Harmon: It’s been enormous and monumental. Bad Jews opened at the Roundabout Theatre Underground, which was created for writers who had never had a New York production. You can imagine what that meant to me. They produce your play and commission another play, which is my next play Skintight, which will open at Roundabout in 2018. Its themes are about beauty, youth and sex. It takes place in a family over a weekend, and it’s about how they all deal with getting older and someone new who suggests desire.
In what ways are you involved in the marketing campaign of Significant Other?
Harmon: The reality is that the demographics of who goes to a Broadway play have shifted. It’s 70 percent tourists and 30 percent New Yorkers. If you’re coming into town, most tourists want to see a musical or a big star. It’s really challenging to get 70 percent of the audience to want to see a play with people they don’t know by a playwright they haven’t heard of. We have brave producers who believe in the play, and we’re hoping we can surmount that obstacle.
Are you making a living as a playwright?
Harmon: I am doing a combination of things all tied to my writing including film work and teaching. I used to be an assistant, kind of a secretary, but don’t do that anymore.
Ultimately, what do you think Significant Other is about?

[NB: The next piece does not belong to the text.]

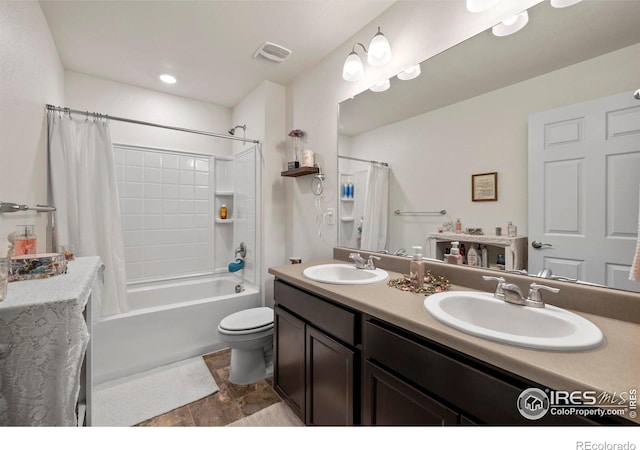 full bathroom featuring toilet, double vanity, visible vents, and a sink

Harmon: I think it’s a play grappling with what it means to be alone and what you do when you know what would make your life better but you can’t make it happen.
What does it take to keep a drama running on Broadway compared to a musical?
Harmon: It’s going to take great word of mouth and people who tell other people you got to go see it. It’s starting to happen. Many of the people we target who are in their twenties and thirties can’t afford the ticket price. But the producers are trying to make tickets available and accessible.